Provided information
[Start of section]
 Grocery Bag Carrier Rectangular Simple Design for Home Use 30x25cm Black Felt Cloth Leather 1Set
[End of section]
[Start of section]
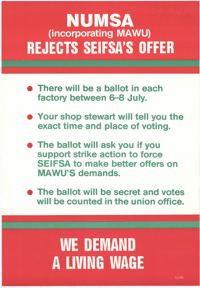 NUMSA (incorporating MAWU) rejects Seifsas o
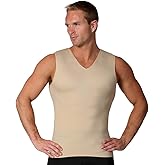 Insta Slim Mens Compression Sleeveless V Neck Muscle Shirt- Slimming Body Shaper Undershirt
[End of section]
Repeat only the stretch of data above that runs from the line with "NUMSA (incorporating MAWU) rejects Seifsas o" to the line with "Insta Slim Mens". Keep both end lines; exclude pictures.

 NUMSA (incorporating MAWU) rejects Seifsas o
 Insta Slim Mens Compression Sleeveless V Neck Muscle Shirt- Slimming Body Shaper Undershirt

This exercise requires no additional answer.